04.17.06

How to read Aleister Crowley

Posted in New Age at 11:38 pm by nemo

Since I suggested reading Aleister Crowley I should offer some free advice in the ‘how to’ vein.
I assume you have read all about Frodo the hobbit, but since you are determined or fated to be a gollum….
Assuming you have obtained his complete works,
Rule #1: Don’t believe anything you read. His tactics of disinformation are atrocious. You will end up a two bit Faust for merely reading him, and get nothing in return…
Rule #2: Don’t use any of his methods. Even if you are dumb enough to try them, they are all out of date, last century’s rosicrucian junk…
There is a simple trick to it: Be a ‘null Faust’, and don’t do anything, simply note the facts of the case, moving on asap.

2 Comments »

  1. Darwiniana » Do the science, Dennett said,

    April 17, 2006 at 11:52 pm

    [...] Dennett wishes us to study religion as a naturalistic phenomenon. Nothing new here. There have been dozens of prior attempts to do just that.

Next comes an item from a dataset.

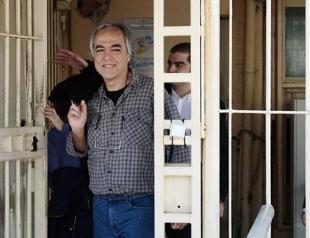 Turkey slams Greece over transfer of murderer of Turkish diplomats to open prison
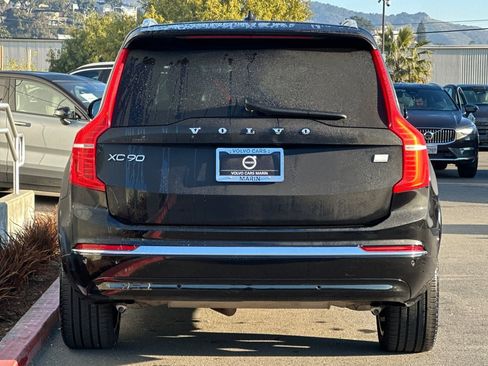 Certified 2023 Volvo XC90 T8 Ultimate w/ Lounge Package image 8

What better way than to try to replicate the great scientific experiments of that pioneer scientist Crowley, whose tantric explorations were a model of that Rosicrucian injunction: Dare, Will, Know, and Make It All Public. Maybe in Scientific American. [...]

  2. Mr. Toad said,

    April 18, 2006 at 12:32 am

    Oh lord. Why dig up that freak, sir (or is it madam)? I think Crowley was pretty clearly a charlatan and deviant, however amusing or talented (he was not a bad linguist–read some of his translations of Baudelaire). There may be some occult knowledge (tho I suspect it is generally reducible to sex and/or drugs, or perhaps very disgusting violent things–some of the nazis were occultists we might recall); Crowley however did not really help with that: he was a major perv too–have you read Francis King’s bio? Rather appalling. That said, if you manage to get some gals interested .in tantra and they sign up here, count me in, hermano–real e-mail too. (I’ll paseo on the more, eh, goatish aspects thank you) .

    I don’t think Dennett leads at all to occultism or Faust: along with the Darwinism he seems to be quite the moralist. Often it is religious writers as much as scientists and naturalists who lead to occult and mysticism: I suspect more people go into occult from like Huxley or even TS ELiot than from Mendel or Darwin.